Una pregunta frívola: ¿de veras el hipódromo de Cagnes-sur-Mer, vecino a Cannes, dedicó una placa de homenaje a su padre, por haber ganado las ocho carreras de una tarde? ¿Estará todavía esa placa?
-Estando en San Sebastián, Monsieur Bage, que había sido el distribuidor de La casa del ángel en Francia, tuvo la delicadeza de invitarme a cenar al célebre restaurant Arzak, y allí me contó esa y otras anécdotas maravillosas. Fui varias veces a Cannes, conozco los pueblos de alrededor, pero nunca entré a ver esa placa por una sencilla razón: mi padre perdió fortunas en los hipódromos de todo el mundo. Aún hoy, cuando paso frente al de Palermo, puedo ver exactamente el lugar de la tribuna oficial donde él se ubicaba y me siento estremecido. Por lo demás le agrego otro dato interesante: mi padre también acertó todas las carreras en el Hipódromo de Karlovy Vary, en la República Checa, y parece que también allí fue ovacionado por la concurrencia.

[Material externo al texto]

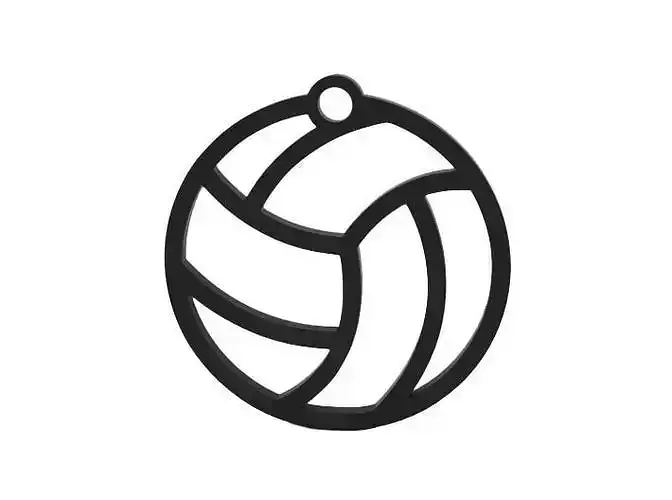 Earring volleyball ball charm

-Es un capítulo muy lindo.
-A lo largo del tiempo mucha gente me decía que tenía que contar esas historias, hasta que descubrí el punto de partida: el triunfo de Viridiana y La mano en la trampa, del que en mayo se cumplen 60 años. Ese fue entonces el punto de partida. Si bien está El gran Babsy, el libro excelente de Mónica Martin, y de Buñuel está su maravillosa autobiografía Mi último suspiro, pude ir encontrando con mucha curiosidad más historias fascinantes, episodios de aquella época donde la Argentina era un país culto y próspero. Ya adolescente, sólo se hablaba de cine. Lo viví como un privilegio maravilloso. Aquellos almuerzos de los domingos en La Cabaña eran para escuchar a mi padre hablar de cine. Fue la época de mayor suceso comercial en su carrera. Con Martín Fierro y más aún El Santo de la espada las colas en la calle Lavalle daban vuelta a la manzana en todas las funciones, él ganó verdaderas fortunas (siete millones de dólares de esa época, según me calculó una vez el productor Héctor Olivera). Empecé a estudiar Letras, a trabajar como pizarrero (una pesadilla) y vivir una doble vida. A mi madre no podía contarle que mi padre me prestaba su Mercedes Benz para salir con chicas. A la Facultad iba en colectivo y no contaba que veraneábamos en el Chateau Frontenac o en una casa que mi padre compró en Punta del Este y que años más tarde entregó para pagar deudas con el Laboratorio Alex. Aquel mundo ya no existe. Nuestro país quedó sumergido en la pobreza, algo que parecía inimaginable, que los personajes de la novela no pueden prever ni imaginar.